Think of the two variables as:
- Y0 → conversion probability if the customer does not receive an email
- Y1 → conversion probability if the customer does receive an email
Only one of these outcomes is observed for each customer — depending on whether they were treated.
True Average Treatment Effect (ATE)
The true causal effect is the average difference between treated and untreated potential outcomes:
ATE = mean(Y1 − Y0)
Or in full words:
The ATE tells us how much conversion would increase on average if all customers received the email.

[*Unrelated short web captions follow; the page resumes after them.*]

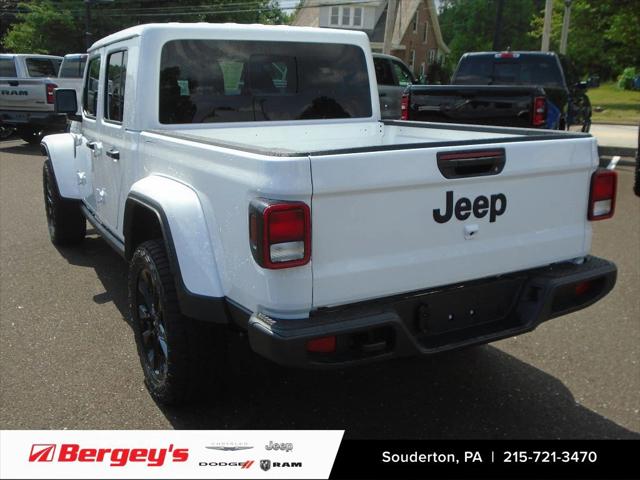 2024 Jeep Gladiator GLADIATOR NIGHTHAWK 4X4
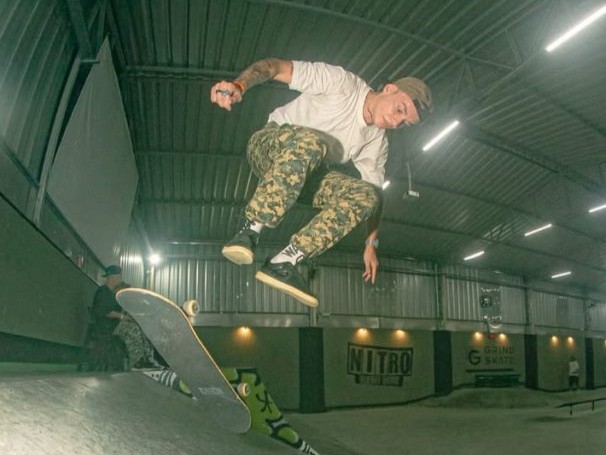 Veeam's tweet photo. Community, new adventures, and a bit of skateboarding! 🤝💚🛹   Veeam Legend @bruxxoMusic shares how the Veeam Community has shaped his professional journey. Read his blog >> https://t.co/IyJhFS80jm https://t.co/U6CkUegkA5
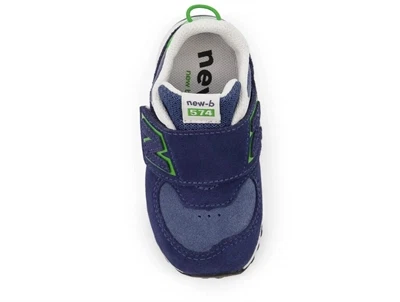 New Balance 574 sneaker i navy/alpine green med velcro- set oppefra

# number of units (e.g., customers)
N = 2000
# potential outcomes: Y0 = no treatment, Y1 = treatment
# here: think of them as probabilities of conversion
Y0 = np.random.normal(loc=0.50, scale=0.08, size=N) # baseline
Y1 = np.random.normal(loc=0.65, scale=0.08, size=N) # better with treatment
df = pd.DataFrame({"Y0": Y0, "Y1": Y1})
true_ate = (df["Y1"] - df["Y0"]).mean()
true_ate
np.float64(0.15348287061625443)
The number printed above is the ground-truth causal effect in this simulated world.
We never get Y0 and Y1 for the same individual. One of them always remains unobserved (the counterfactual).
3. Biased treatment assignment (selection bias)
Now let’s simulate a biased treatment assignment rule.
Suppose the marketing team tends to send the email to customers who would already have a higher chance of converting. In our toy world, we let treatment depend on Y1:
- Customers with larger Y1 are more likely to get treated.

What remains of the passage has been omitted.